Quantitative structure-activity relationship (QSAR) methods have shown to be powerful tools to comprehend the action mechanisms and structural profiles required to improve a drug performance, as well as to estimate the bioactivity of a non-existing, proposed drug candidate. QSAR approaches are genuinely structure-based methods, in which biological properties are reflected by structural changes in molecules, despite the receptor information included in the modern multidimensional QSAR techniques. However, traditional QSAR, which is based on descriptors easily accessible or calculated, such as logP, connectivity indices and a variety of other parameters derived from the 2D structure of a molecule, is not inferior to methods based on the three-dimensional molecular structure, at least in many practical cases (Brown & Martin, 1997; Estrada, Molina, & Perdomo-López, 2001).

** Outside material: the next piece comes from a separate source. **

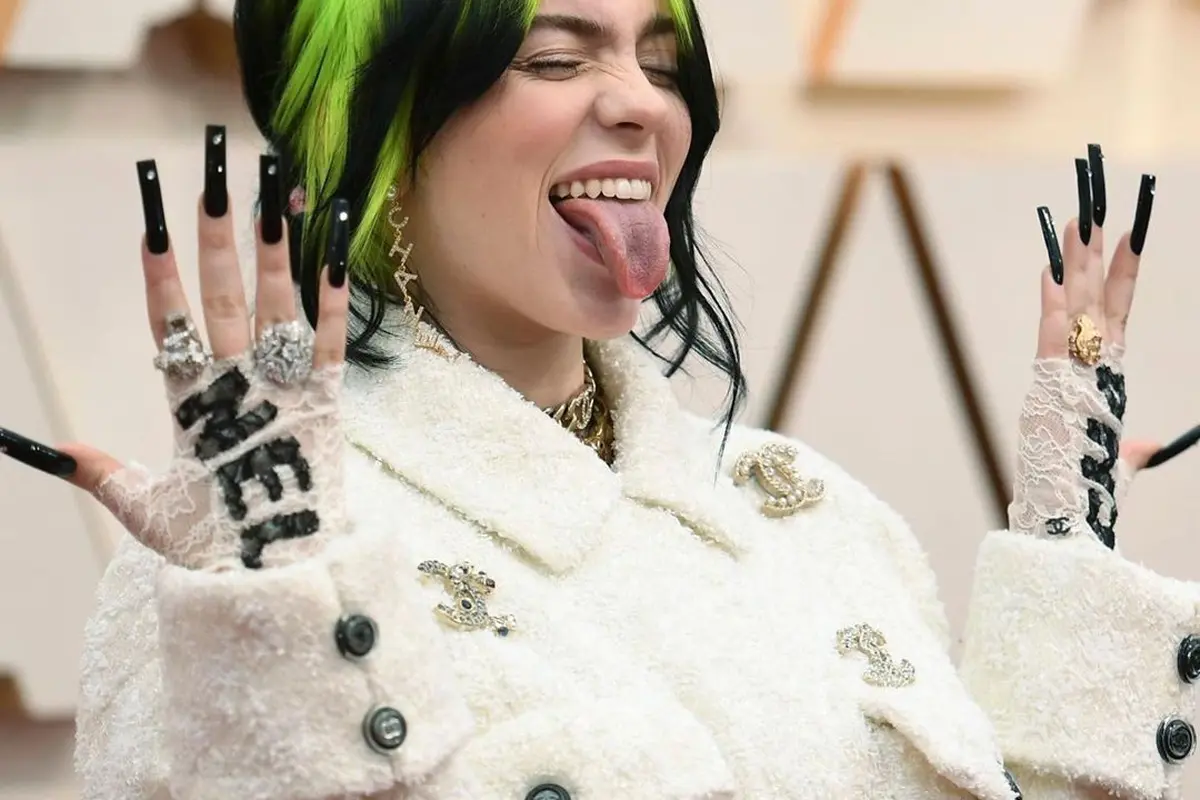 Billie Eilish di Oscar 2020/Instagram @WWD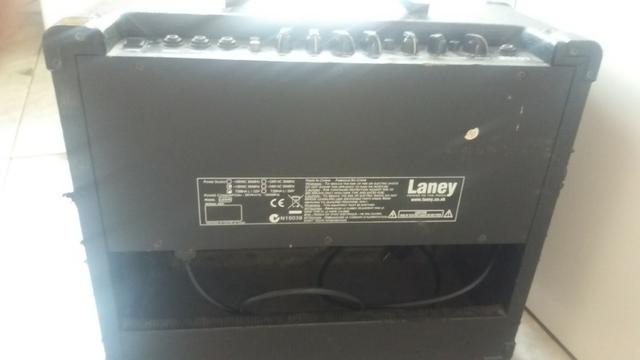 Caixa LG35R Laney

Multivariate image analysis applied in QSAR (MIA-QSAR) appeared to correlate drawings of molecular structures with the corresponding biological activities (Freitas, Brown, & Martins, 2005); therefore, it is essentially a 2D QSAR technique, since descriptors are obtained from the projection of a molecule in the plane. The structural changes in a congeneric series of drug-like compounds explain the variance in the bioactivities block; in MIA-QSAR, structural changes correspond to different coordinates of the pixels composing the molecular drawings. Because the substitution pattern along with the congeneric series of compounds is captured in the calibration step, usually performed using partial least squares (PLS) regression, prediction of the bioactivities of similar compounds are often feasible. However, much chemical information is lost when a given substituent is represented as letters in the drawings, although other molecular properties, such as steric effects (e.g. for large side chains) and shape (e.g. the hexagonal benzene ring), are appropriately encoded. For instance, the MIA-QSAR model is capable of recognizing that a bromine substituent bonded to a given aromatic carbon causes an effect on the bioactivity of a molecular scaffold, but its description as “Br” in the drawing does not have chemical meaning. Thus, an augmented version for the MIA-QSAR method (aug-MIA-QSAR) was developed by introducing “dimensions” to better encode atomic sizes (using spheres with sizes proportional to the van der Waals radii) and different types of atoms (using spheres with different colors) in a molecule (Nunes & Freitas, 2013). Because aug-MIA-QSAR has been recently implemented, there are many challenges to improve its predictive ability, as well as its chemical interpretation; research directions include testing regression and variable selection methods for the aug-MIA descriptors, and also searching for ways to indicate how different atomic sizes and colors impact the trends in bioactivity in a series of drug-like compounds.

QSAR methods have been used in numerous studies in order to find a correlation between chemical structures and biological activities related to profitable diseases, such as obesity, sexual dysfunction and hypertension. Nevertheless, little attention has been devoted to neglected diseases, which mostly affect poor people from the third world, being forgotten by the big pharmaceutical companies (Ramalho, Freitas, & da Cunha, 2012). This chapter describes the development of a variety of QSAR methods during decades, focusing on the MIA-based approaches, which is demonstrated here to a set of thiosemicarbazones as anti-Trypanosoma cruzi agents (Garkani-Nejad & Ahmadi-Roudi, 2010). The efficacy of the current chemotherapy against T. cruzi is quite variable in different regions of high endemicity, because the high biological, biochemical and genetic diversity of T. cruzy strains (Zingales et al., 2009). Thus, the development of drugs based upon the structural optimization of existing compounds, such as the Nifuroxazide, is advantageous, considering time and efforts consumption.